◆ **Activity**:
Word for word, restate the lines from the start of the data down to the line with "FS19 - Mining Bucket For 980K Cat Loader V1.0 (1.5) FS19", both included.

===== Data for review =====

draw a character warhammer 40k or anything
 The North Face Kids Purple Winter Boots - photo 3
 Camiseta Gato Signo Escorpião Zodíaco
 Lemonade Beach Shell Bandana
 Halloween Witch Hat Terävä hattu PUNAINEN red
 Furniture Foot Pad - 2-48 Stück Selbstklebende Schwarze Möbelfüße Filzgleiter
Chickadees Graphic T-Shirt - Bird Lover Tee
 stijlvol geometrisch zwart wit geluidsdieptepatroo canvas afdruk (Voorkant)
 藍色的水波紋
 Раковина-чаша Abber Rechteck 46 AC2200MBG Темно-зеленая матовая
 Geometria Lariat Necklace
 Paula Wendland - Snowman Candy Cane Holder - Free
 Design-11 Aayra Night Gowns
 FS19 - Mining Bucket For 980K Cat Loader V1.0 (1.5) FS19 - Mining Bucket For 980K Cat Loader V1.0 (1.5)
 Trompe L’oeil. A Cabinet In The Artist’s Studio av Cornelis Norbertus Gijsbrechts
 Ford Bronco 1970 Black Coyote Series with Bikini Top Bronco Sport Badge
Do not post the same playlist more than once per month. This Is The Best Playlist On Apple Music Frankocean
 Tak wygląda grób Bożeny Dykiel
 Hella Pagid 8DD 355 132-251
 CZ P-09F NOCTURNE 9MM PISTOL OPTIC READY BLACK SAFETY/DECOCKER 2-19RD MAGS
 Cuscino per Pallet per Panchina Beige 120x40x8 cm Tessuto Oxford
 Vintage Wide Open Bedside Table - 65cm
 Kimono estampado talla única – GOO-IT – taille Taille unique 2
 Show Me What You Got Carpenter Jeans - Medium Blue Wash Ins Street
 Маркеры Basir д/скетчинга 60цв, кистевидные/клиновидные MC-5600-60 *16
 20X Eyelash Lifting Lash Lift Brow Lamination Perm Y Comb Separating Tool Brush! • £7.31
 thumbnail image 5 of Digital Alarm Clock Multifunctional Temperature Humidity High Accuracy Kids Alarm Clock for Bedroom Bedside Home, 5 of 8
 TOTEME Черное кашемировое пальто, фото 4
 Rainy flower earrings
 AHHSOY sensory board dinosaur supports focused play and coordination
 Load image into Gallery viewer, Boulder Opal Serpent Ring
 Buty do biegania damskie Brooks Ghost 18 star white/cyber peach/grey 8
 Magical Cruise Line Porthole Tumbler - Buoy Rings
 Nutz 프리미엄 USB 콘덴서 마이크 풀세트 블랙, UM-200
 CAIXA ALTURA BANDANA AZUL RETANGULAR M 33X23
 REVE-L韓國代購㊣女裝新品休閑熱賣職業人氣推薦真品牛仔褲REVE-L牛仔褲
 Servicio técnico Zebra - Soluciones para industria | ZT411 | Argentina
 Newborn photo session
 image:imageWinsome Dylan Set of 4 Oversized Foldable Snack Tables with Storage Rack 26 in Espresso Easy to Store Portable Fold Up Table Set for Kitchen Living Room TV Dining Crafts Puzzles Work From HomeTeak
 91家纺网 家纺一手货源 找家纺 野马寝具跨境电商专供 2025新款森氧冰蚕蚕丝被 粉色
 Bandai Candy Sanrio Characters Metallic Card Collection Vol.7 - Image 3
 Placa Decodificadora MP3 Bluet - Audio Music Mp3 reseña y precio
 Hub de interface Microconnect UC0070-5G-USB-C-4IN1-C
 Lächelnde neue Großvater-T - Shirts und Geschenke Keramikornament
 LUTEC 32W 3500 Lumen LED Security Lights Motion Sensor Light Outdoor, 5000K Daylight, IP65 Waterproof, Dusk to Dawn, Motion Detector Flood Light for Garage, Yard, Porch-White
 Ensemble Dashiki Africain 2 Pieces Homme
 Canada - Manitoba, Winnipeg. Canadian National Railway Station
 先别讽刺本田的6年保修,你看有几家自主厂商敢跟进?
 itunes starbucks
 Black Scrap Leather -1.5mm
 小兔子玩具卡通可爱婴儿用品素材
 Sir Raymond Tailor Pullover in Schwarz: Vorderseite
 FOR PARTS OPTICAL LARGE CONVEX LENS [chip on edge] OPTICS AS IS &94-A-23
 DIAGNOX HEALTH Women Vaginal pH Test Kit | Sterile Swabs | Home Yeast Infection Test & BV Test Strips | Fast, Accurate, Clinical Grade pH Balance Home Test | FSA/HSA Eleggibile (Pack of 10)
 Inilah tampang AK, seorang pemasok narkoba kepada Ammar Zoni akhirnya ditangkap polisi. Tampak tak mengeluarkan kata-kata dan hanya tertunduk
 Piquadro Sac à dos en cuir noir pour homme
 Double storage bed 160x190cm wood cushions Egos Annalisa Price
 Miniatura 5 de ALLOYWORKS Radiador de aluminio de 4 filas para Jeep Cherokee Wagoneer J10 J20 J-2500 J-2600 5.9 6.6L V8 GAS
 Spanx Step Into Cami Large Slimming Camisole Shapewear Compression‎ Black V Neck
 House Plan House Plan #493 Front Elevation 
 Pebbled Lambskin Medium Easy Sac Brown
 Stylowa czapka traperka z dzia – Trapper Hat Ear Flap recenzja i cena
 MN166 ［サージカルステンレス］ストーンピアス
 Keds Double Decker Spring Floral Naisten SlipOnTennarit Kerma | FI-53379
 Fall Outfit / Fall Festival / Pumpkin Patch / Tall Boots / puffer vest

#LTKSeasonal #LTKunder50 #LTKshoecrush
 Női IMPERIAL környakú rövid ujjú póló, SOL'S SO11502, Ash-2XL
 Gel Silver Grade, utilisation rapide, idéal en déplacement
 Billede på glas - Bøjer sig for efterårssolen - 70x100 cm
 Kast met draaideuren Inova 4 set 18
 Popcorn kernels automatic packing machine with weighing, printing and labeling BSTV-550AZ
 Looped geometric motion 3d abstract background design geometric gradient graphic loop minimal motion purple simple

=====

◆ **Your response**:
draw a character warhammer 40k or anything
 The North Face Kids Purple Winter Boots - photo 3
 Camiseta Gato Signo Escorpião Zodíaco
 Lemonade Beach Shell Bandana
 Halloween Witch Hat Terävä hattu PUNAINEN red
 Furniture Foot Pad - 2-48 Stück Selbstklebende Schwarze Möbelfüße Filzgleiter
Chickadees Graphic T-Shirt - Bird Lover Tee
 stijlvol geometrisch zwart wit geluidsdieptepatroo canvas afdruk (Voorkant)
 藍色的水波紋
 Раковина-чаша Abber Rechteck 46 AC2200MBG Темно-зеленая матовая
 Geometria Lariat Necklace
 Paula Wendland - Snowman Candy Cane Holder - Free
 Design-11 Aayra Night Gowns
 FS19 - Mining Bucket For 980K Cat Loader V1.0 (1.5) FS19 - Mining Bucket For 980K Cat Loader V1.0 (1.5)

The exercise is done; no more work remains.